Tu passes et tu sors du bar en te dirigeant vers ta D.S.

     Il part, déjà !

     Une voix derrière moi t'interpelle, la barmaid sans doute car il n'y a

aucun client dans le bar :

     " Claude ! reviens ! J'ai quelque chose à te dire.

     - Je ne pars pas ! Je prends mes cigarettes dans la voiture ! "

     Il s'appelle Claude ! Il fume ! C'est un peu savoir sur quelqu'un dont

la vue me trouble autant ! Aucune chance ma fille ! La serveuse vient de

l'appeler par son prénom. Certainement, il doit y avoir une histoire

là-dessous.

Je souris à mes réflexions intimes.

     En repassant devant moi, Monsieur Claude me regarde intensément,

au point de me faire baisser les yeux.

     Ma lecture ne me captive toujours pas. Je ferme le livre et le pose

sur la table.

Vais-je oser me retourner ? Non ! Pas encore ! Attends !

     " Me permettez-vous, Mademoiselle, de vous offrir quelque chose

à boire ?

     - Non merci, je viens de consommer.
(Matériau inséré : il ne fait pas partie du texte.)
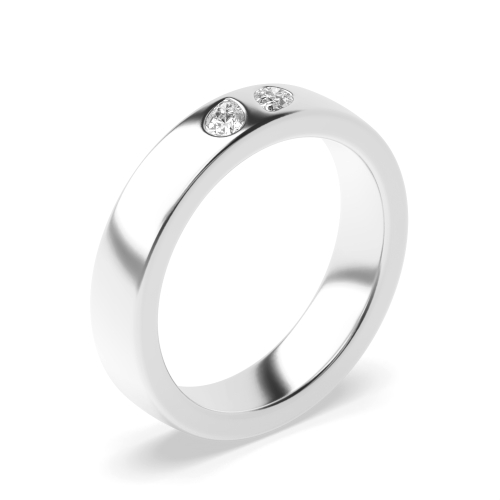Prong Pear Ether whisper Diamond Rings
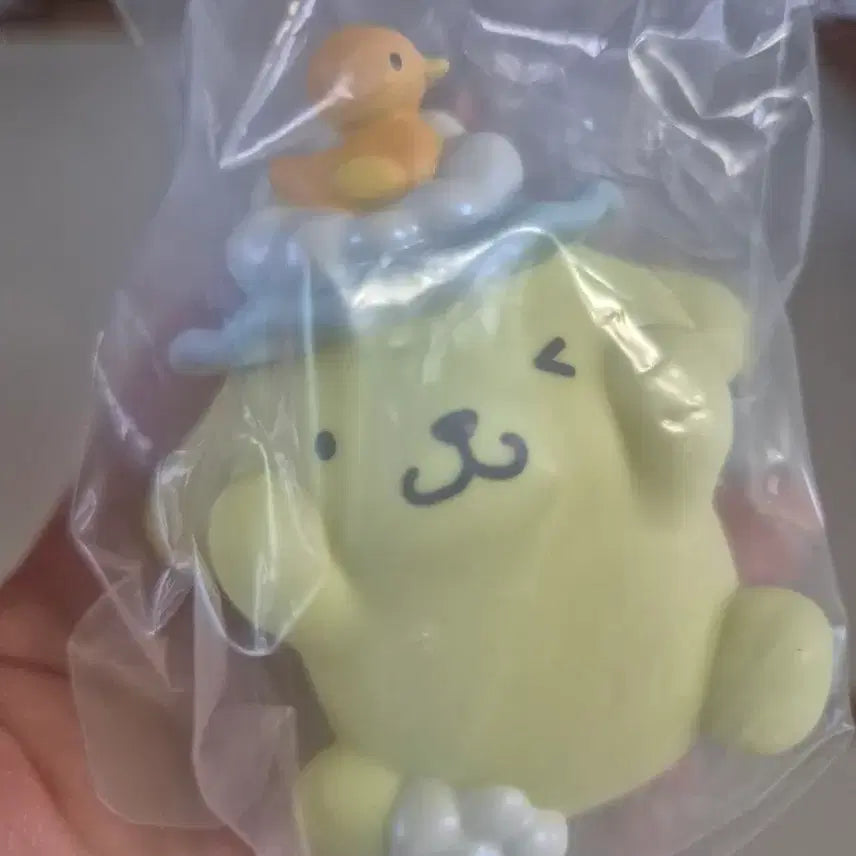 [BUNJANG] Sanrio Pompompurin Duck Figure New / 산리오 폼폼푸린 오리 피규어 새상품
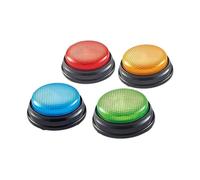 Sharplace 4x Jeu de Quiz Système de Bip Jouet Éducatif Réutilisable Jeu Télévisé Bouton de Bip pour Concours de Jeu en Famille Compétition Bureau Adultes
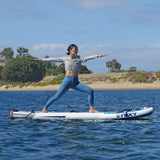 NIXY Venice G5 Yoga Paddle Board – 10'6" Inflatable Cruiser SUP for Stability & Wellness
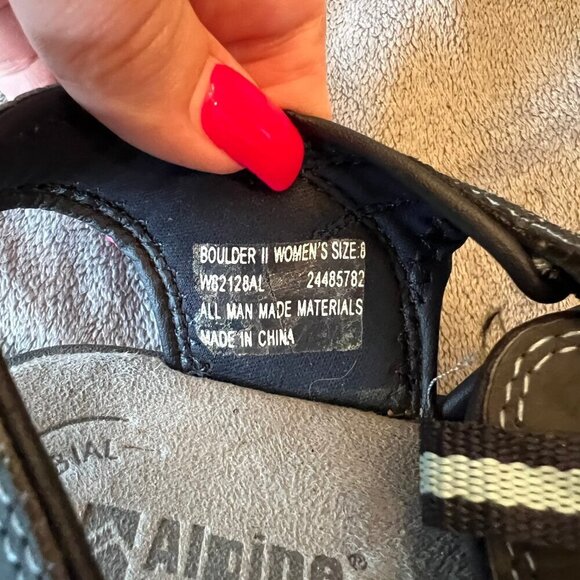 Women's Alpine Design Outdoor, Boulder II, Blue sandals, anti-microbial, Size 8 - Picture 6 of 7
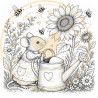 Juffrouw Muis - Coloring Pad - Bussy Bees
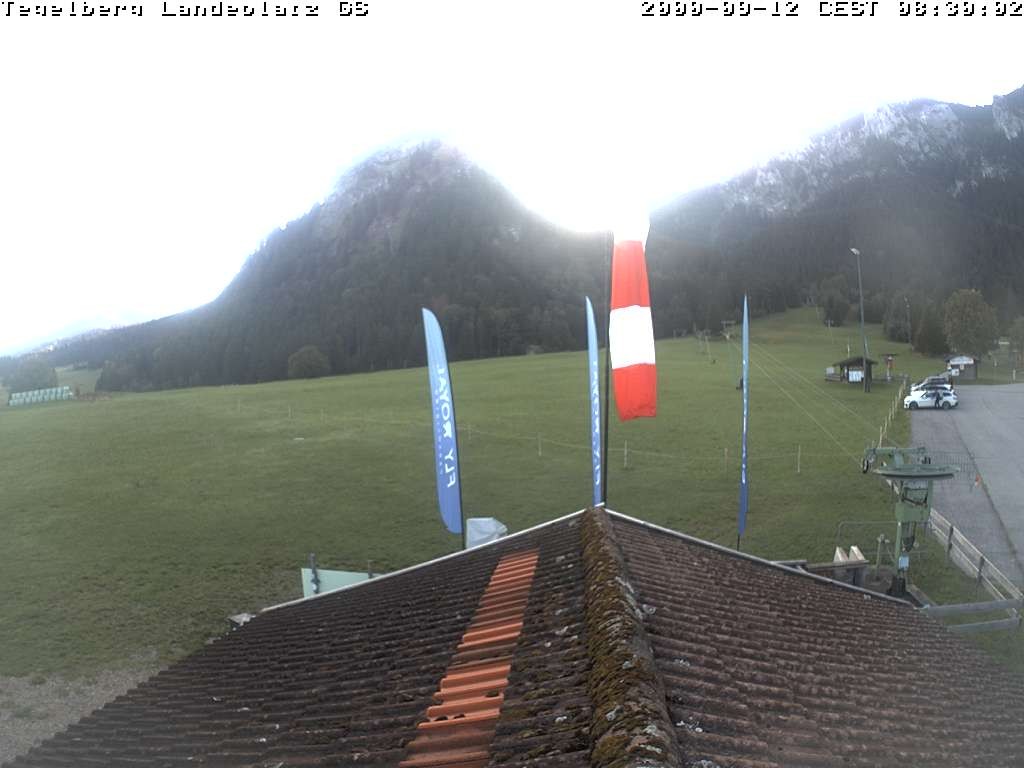 Archiv Foto Webcam Schwangau: Landeplatz am Tegelberg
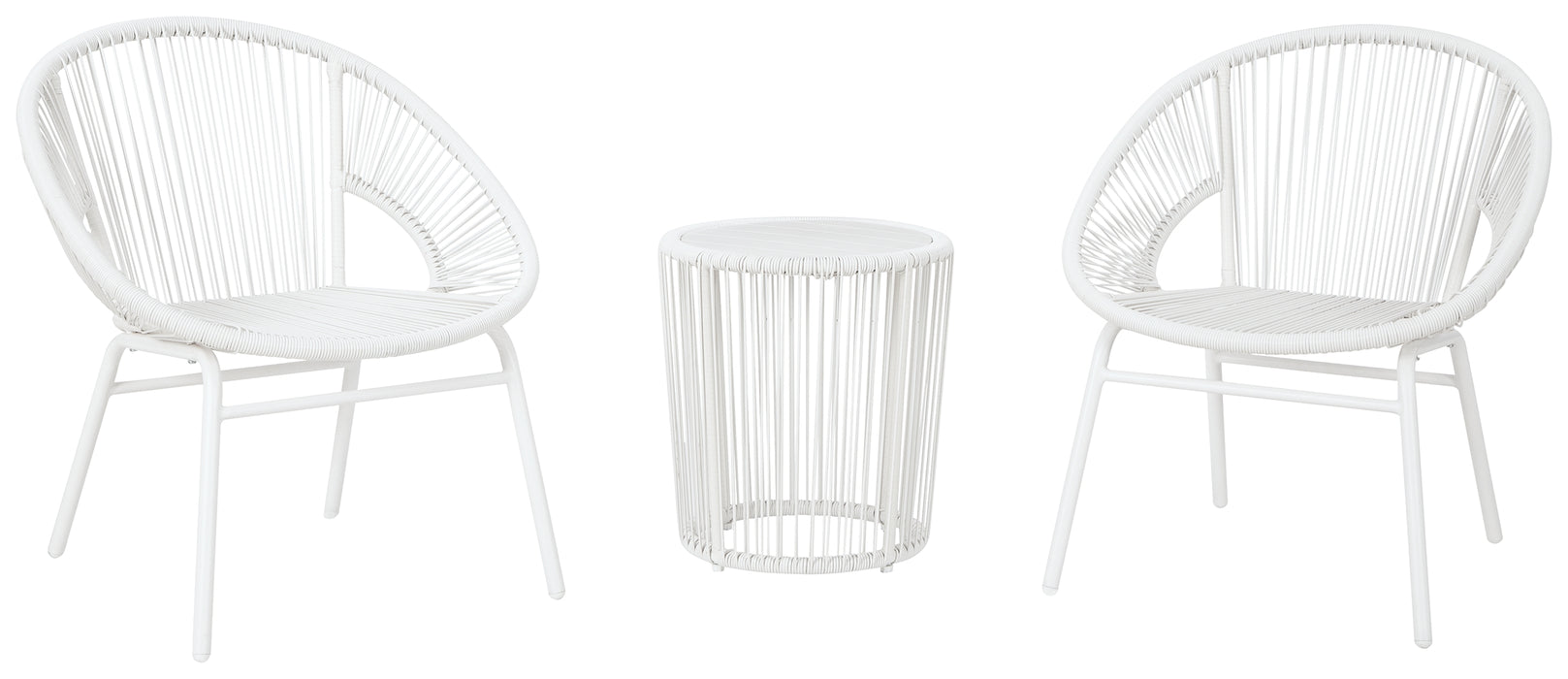 Mandarin Cape Outdoor Table and Chairs (Set of 3) - P312-050 - In Stock Furniture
Il n'y va pas par quatre chemins

et cela me plaît !

     - Puis-je m'asseoir un petit moment auprès de vous, sans vous

importuner ? Vous êtes seule ? "

     Je n'ai pas le temps de répondre qu'il est déjà assis à mes côtés, grand,

sûr de lui. Je le dévisage.

     " Que lisez-vous d'intéressant ? "

     La conversation s'interrompt lorsque mon frère et son amie Françoise

surgissent.

     " Eh bien ! Te voilà déjà en compagnie ! On ne peut pas te laisser

seule cinq minutes ! s'insurge gentillement mon frère.

      - Je te présente Claude. "

Ils se serrent la main. Déjà, nous nous apprêtons à partir. Je me lève...

     " Puis-je vous revoir ?

     - Quand le voulez-vous ?

     - Dès que possible !

     - Demain, 11 heures sur la place de l'église, après le vieux pont. "

Le rendez-vous est donné. Je n'osais pas espérer une suite aussi prompte,

en si peu de temps. Lui aussi, m'aurait-il remarqué dès son arrivée...

Mais dans le bar, il y a la serveuse. Qui est-elle ? Une simple amitié

peut-être...

     Au diable toutes ces questions restées sans réponse ! J'ai rendez-vous

demain ! Je le retrouve demain. Seul le revoir compte en ce moment pour

moi !

     Sur le chemin du retour au château où Françoise et moi sommes en

convalescence je dois subir quelques réflexions insidueuses de la part

de mon frère. Mais le ton reste enjoué et nous sommes tous les trois

heureux.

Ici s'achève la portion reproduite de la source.